When working with Weights and Biases (W&B/wandb) for hyperparameter (hp) optimization, you can use sweeps to systematically explore different combinations of hyperparameters to find the best performing set.
What are Sweeps?
Sweeps in W&B allow you to define a set of hyperparameters to search over. When you create a sweep in the cli or in python, this creates a set (e.g., grid) of hyperparameters to search over. This (usually afaik) create a sweep with all the possible hyperparameters in your wandb account/server and later when you run an agent it fetches one and tries that hp and logs it to wandb.
Understanding count and Agents
- Agents: These are the workers that run the trials/hp attempts/runs – basically try each hp. Each agent pulls a set of hyperparameters (hps) from the W&B/wandb server, runs the (usually) training script (but in our example a search for optimal chinchilla scaling laws) with these hps, logs the results, and repeats.
- Count: This is the number of trials/runs the agent will run. If you set count to 100, the agent will run 100 trials, each with a different combination of hyperparameters.
Afaik, if you use grid search and count is higher than the total number of combinations, the sweep stops after running all combinations. If count is lower, it runs only the specified number of trials.

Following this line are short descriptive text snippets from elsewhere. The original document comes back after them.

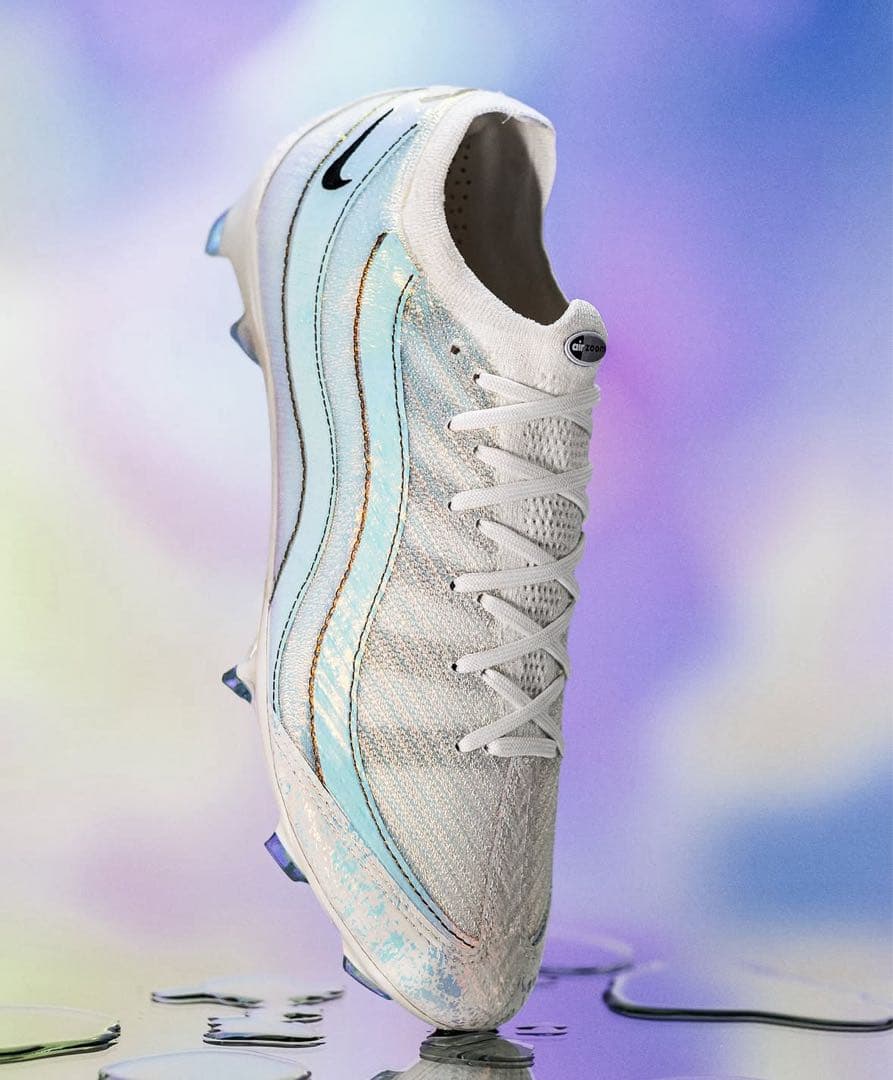 【ブラックフライデー】 マーキュリアル ヴェイパー16 AM95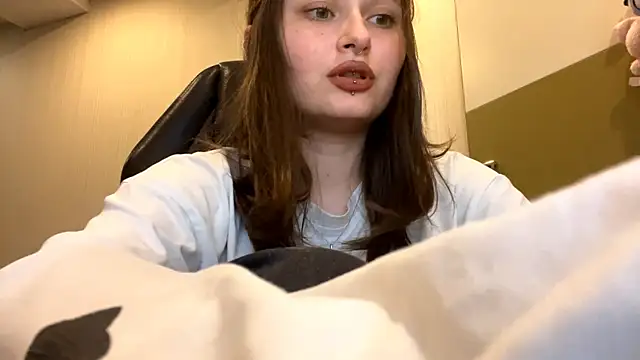 Chat +18 de MnemonicSimplism ao vivo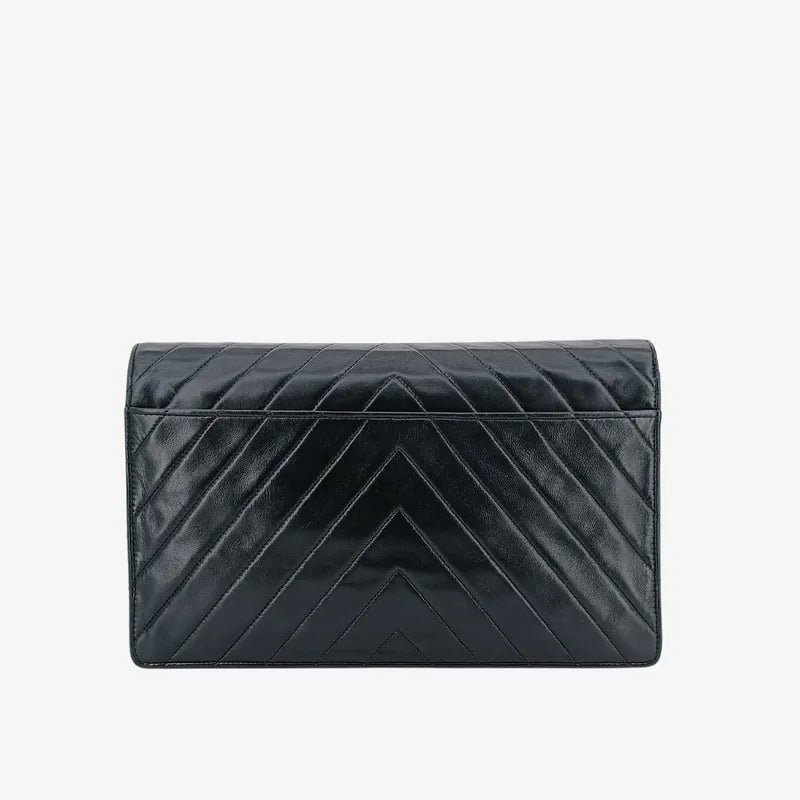 ju916-chanel-vintage-black-lambskin-chevron-push-lock-flap-bag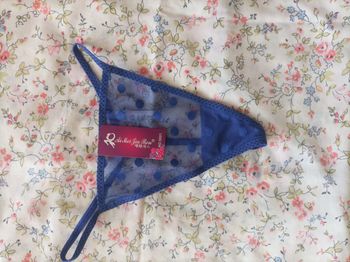 String neuf transparent taille M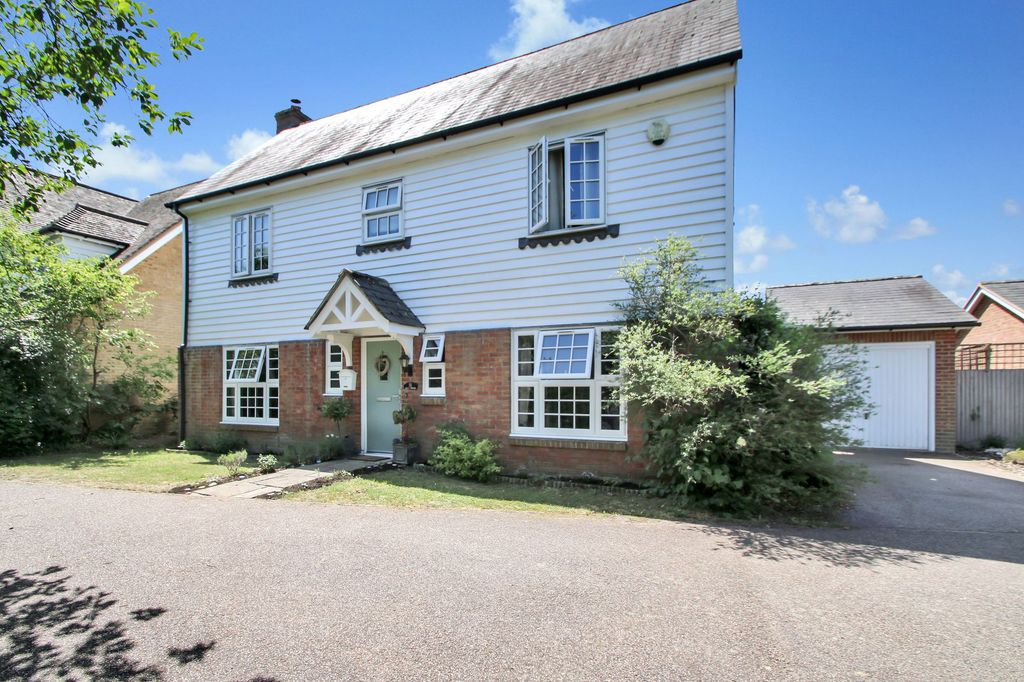 Property photo 1 of 18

Afaik as long as an agent is running and the sweep has hps to try, it will keep fetching them from your wandb sweep server from your wandb account. You Can see the agents running (and kill them, pause them) etc for a run in your wandb’s account.
I think the crux is that an agent continually fetches hps until the sweep is finished from your wandb’s sweep run on the wandb website (or you kill it). You can run multiple agents until the sweep’s hps are exhausted on your wanbd’s website.
I will provide an example without multiprocessing then make it multiprocessing (mp):
1 Example without Multiprocessing
import numpy as np
import scipy.optimize as opt
import scipy.special
import wandb
# Define the synthetic scaling law function
def scaling_law(c, e, a, b, alpha, beta):
return np.exp(e) + np.exp(a) * c[:, 0] ** (-alpha) + np.exp(b) * c[:, 1] ** (-beta)
# Generate synthetic data
np.random.seed(0)
C = np.array([[7e9, 2e12], [13e9, 2e12], [34e9, 2e12], [70e9, 2e12]]) # [m, Din] = [m, 2]
e_true, a_true, b_true = np.log(1.8172), np.log(482.01), np.log(2085.43)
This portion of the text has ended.